Writing an historical novel requires extensive research. At times I went to distant and unfamiliar places in order to immerse myself in the era and the setting of my story’s world. On repeated trips to England with my British born husband, I combined visiting family there with more research for my novel in progress. I visited living museums throughout England where people went about their tasks in clothing that would’ve been worn during the 1940’s. The guides were always helpful and eager to share what they’d learned. I entered an actual air raid shelter, spent hours in a war museum, toured an aerodrome and the Churchill War Rooms in London. I also interviewed veterans of WWII in both the UK and US.
The opening for my WWII inspirational romance, When Valleys Bloom Again, was conceived after reading a biography on the life of Kathleen Kennedy, daughter of Joseph P. Kennedy, the United States Ambassador to the United Kingdom. He and his family were living in London when Britain declared war. Kathleen Kennedy’s story intrigued me. She was forced by her father to return to the US for her safety. Kathleen had made many friends while living in London and was determined to return some day. She eventually did go back, served in the British Red Cross, and married William Cavendish who was in line to become the next Duke of Devonshire. Sadly, he died in battle a few months after their marriage.
I based my protagonist, Abby Stapleton, loosely on Kathleen Kennedy’s situation at the outbreak of war in 1939. Abby is the American-born daughter of a British diplomat. Her father sends her back to the US to escape impending war. She too vows to return to London.

Fortunately for me I enjoyed doing the research for When Valleys Bloom Again and became especially excited whenever I uncover an extra special tidbit of information.

On one of my return trips to Chatsworth House, the home of the present Duke and Duchess of Devonshire, I learned from a tour guide there that in 1963 President John Kennedy had visited his sister Kathleen’s grave while on his way home from a trip to Ireland, only six months before his assassination. He and his sister had been very close throughout her life. I found the grave of Kathleen Kennedy in St. Peter’s Churchyard, not far from Chatsworth House. She too had died tragically shortly after peace was declared. Standing before Kathleen’s grave, I could only imagine the sorrow President Kennedy felt. 

On another research trip in the north of England, I went into the largest purpose-built civilian air raid shelter in England extended to accommodate 6,500 people during the Second World War. The Stockport Air Raid Shelter is a network of underground tunnels, a mile long, carved out of the sandstone hills on which the city stands that provided not only protection but a way of life for families. This underground world still intact today as it was during the war years gave me an opportunity to learn about the raw realities of life during the Blitz. I came away with a deep appreciation for those who struggled to survive with only the basic amenities in such depressing and stressful surroundings and admiration for my husband’s family who lived through those long years of war.

Chapter 13 
Spring 1942
The train station teemed with soldiers and their sweethearts by the time Jim and Abby arrived.
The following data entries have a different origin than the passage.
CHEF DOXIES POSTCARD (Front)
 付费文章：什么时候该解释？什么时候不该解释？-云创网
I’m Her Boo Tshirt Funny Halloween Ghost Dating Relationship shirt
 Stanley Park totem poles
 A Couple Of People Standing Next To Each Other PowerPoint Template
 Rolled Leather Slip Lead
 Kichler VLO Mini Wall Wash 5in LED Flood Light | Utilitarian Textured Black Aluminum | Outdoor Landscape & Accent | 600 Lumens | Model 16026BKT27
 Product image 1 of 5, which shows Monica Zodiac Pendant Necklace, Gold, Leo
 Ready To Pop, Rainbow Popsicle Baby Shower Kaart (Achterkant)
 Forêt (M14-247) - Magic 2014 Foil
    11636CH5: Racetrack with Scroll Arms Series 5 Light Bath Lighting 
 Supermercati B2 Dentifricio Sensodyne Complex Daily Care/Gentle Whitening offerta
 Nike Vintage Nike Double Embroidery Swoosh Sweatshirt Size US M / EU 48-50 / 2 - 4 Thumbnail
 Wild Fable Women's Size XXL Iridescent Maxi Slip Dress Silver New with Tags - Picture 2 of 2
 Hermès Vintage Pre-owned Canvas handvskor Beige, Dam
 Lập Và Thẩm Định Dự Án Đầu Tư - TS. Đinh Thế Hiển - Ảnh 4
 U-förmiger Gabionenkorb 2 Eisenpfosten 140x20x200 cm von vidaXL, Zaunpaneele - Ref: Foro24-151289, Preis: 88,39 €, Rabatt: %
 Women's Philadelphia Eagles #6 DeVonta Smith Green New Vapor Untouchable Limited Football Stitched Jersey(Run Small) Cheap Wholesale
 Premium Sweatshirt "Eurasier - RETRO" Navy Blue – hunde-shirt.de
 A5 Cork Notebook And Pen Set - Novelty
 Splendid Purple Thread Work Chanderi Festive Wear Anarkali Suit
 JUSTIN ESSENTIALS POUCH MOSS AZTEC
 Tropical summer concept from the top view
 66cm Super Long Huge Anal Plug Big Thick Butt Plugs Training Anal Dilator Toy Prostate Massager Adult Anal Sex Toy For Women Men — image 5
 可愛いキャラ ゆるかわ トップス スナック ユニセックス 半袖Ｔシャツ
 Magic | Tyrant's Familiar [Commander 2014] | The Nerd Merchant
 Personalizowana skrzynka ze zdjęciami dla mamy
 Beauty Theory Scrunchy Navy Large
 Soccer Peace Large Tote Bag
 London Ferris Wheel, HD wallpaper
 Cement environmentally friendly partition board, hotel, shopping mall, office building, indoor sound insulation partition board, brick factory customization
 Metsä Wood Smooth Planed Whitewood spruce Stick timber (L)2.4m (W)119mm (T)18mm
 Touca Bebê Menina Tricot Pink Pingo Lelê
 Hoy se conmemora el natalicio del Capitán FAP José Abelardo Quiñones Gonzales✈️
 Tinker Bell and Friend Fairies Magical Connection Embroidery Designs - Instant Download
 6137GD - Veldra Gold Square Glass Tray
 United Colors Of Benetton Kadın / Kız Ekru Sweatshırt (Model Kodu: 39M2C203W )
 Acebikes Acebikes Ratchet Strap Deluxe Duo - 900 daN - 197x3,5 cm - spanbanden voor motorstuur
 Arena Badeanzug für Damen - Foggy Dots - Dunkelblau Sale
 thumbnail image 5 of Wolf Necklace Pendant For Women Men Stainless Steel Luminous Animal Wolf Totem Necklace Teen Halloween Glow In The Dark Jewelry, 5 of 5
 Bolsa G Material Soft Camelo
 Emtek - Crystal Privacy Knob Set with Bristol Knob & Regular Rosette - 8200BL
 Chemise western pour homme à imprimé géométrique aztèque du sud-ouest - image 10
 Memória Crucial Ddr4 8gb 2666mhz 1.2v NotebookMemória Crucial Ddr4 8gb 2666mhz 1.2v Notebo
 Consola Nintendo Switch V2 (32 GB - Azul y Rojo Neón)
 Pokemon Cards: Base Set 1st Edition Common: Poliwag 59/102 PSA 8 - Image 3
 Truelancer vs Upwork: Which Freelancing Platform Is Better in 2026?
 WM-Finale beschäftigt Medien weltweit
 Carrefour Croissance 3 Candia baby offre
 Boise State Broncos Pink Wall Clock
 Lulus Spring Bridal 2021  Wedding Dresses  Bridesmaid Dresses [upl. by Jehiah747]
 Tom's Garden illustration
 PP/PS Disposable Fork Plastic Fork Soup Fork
Her heart sank like lead under the weight of all the other goodbyes on the platform.
Jim drew her near. “I can see your aunt’s ballroom full of soldiers for one of her events. I’m jealous already.”
Abby tightened her grip around his waist. “Can’t foresee any competition.”
He stroked her cheek. “Just don’t let them hear you sing, and don’t smile too much.”
They went over the footbridge to the quieter side of the platform, keeping an ear out for the announcement of departure. She reached into her purse and handed him a small tinted photograph of them on her graduation day.
Jim broke the silence. “This is more painful than in January when I left for training.”
She nodded, the specter of separation hovering over them threatened to drain away the joy of the past ten days.
The train whistle blew and she jumped, legs trembling. She’d hoped to be prepared for their parting. But she wasn’t. She hated the Japanese for taking Jim away from her.
He snatched up his duffel bag and with his free arm grasped her hand. As they clattered up the metal steps and along the steel-walled gangway over the tracks, their footsteps echoed. Abby shrank from the cold, hard noise. A cloud of steam rose up and engulfed Jim. She tried to drag him back. He pressed on, pulling her behind him, his head turned away, as if heedless of the silent shriek inside her—please don’t go!
They stood together beside the train. “I wish you didn’t ha-ha-have to go,” she said, clasping his hand to the side of her face. Setting his cap straight, she stepped back and flashed a mock salute, determined to be strong for the sake of others here, all brought together by the sorrow of parting—but especially for Jim.
A tight, desperate embrace and a last kiss before Jim hopped onto the bottom rung. The conductor made an inspection of the platform before giving the “All Aboard.” Abby gripped Jim’s arm. Clutching his hand, she ran alongside the rolling train—taking him hundreds of miles away—until she fell behind and had to let go.
The train wiggled out and away from the platform. Long after it had shrunk to a pale silver dot on the blank horizon, Abby stared down the track, hollow inside and unable to will herself away. The crowd dissolved into its melancholy components, and she flowed out with them to the exit.
On her return home, she pulled the drapes across the window before dusk set in, then curled up in a chair, arms wrapped tight around the cushion. Had they made the right decision to wait until after the war to get married? Many of her former classmates were making wedding plans even now. Long after the first owl announced its presence and the chill of night settled in her body, Abby sat there. Not until the egg-yellow light of a new dawn filtered through the window shutters did she fall asleep.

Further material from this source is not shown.